Lisa Markwell, The Independent on Sunday (Rating: 6/10)
With a “menu big in both dimension and range” this new Manchester steakhouse (in the former brasserie space in Malmaison), leaves Lisa “defeated by the portion sizes”; the steak is “superb”, but most other dishes are disappointing – “decent” at best – and “the atmosphere is going to take some serious fanning to get going”.
AA Gill, The Sunday Times (Rating: Food 4/5, Atmosphere 3/5)
“More pubby than gastro”, this Oxford restaurant (sister to London's Anchor and Hope and Great Queen Street) “has a lot to smile about” - it's “what inn food should be, selective and generous”
“Here the context is all wrong” – “it's very nice, but” you'll end up paying big for “gutsy, rustic” dishes which feature better in a “tablecloth-free bistro” than this Mayfair location (Antunes moved here from his first location at Park Plaza Westminster Bridge); Jay “desperately” wants to like it but, it's hard to ignore the “sour taste” left behind when the bill arrives.
Matthew Norman, The Telegraph (Rating: 9/10)
Not the place to linger, this “tiny, cramped basement room” in Soho serves “droolsomely delicious” “generous” portions of American barbecue; dining here may be a bit ”stripped to the bone”, but they “feed you well at very decent prices”.
From “celebrity farmer” Jimmy Doherty (chum of Jamie Oliver) this new restaurant, in a converted barn on his Suffolk farm, is “comfortable, but not too gussied up” and the food is “good“ but “not amazing”.
John Walsh, The Independent (Rating: Food 4/5, Ambience 3/5, Service 4/5)
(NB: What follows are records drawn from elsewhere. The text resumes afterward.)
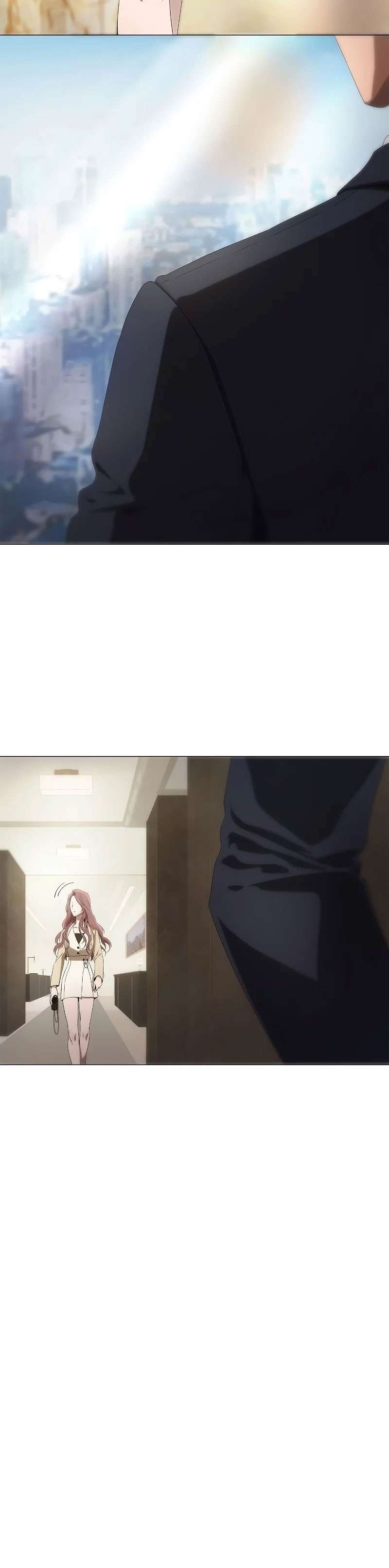 Tôi bị mắc kẹt trong một vở kịch điên rồ Chap 2 - Trang 3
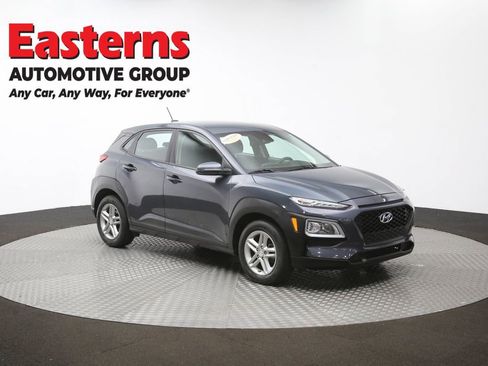Used 2019 Hyundai Kona SE image 47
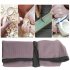5PCs Wood Carving Tools Woodworking Cutter Hand Tool Set Perfect Wood Carving Kit For Beginners Woodworking 5 pack of carving knives   bag
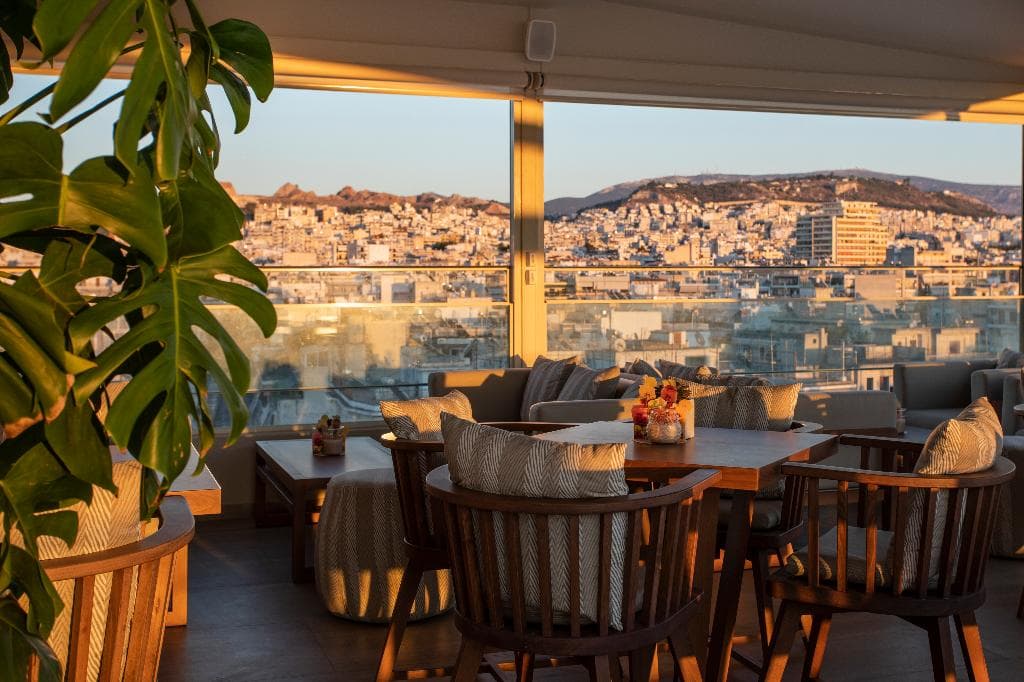 Athens City Getaway - photo 2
“The food mostly matches the monochrome décor” of this Marlow hotel and restaurant, with chef Adam Simmonds at the helm, “but from start to finish is full of vivid flavours”; the dining experience may be “a vestal shrine to minimalism and frictionless efficiency” with service that “never strayed into friendliness” but, overall, “the food's delicious”.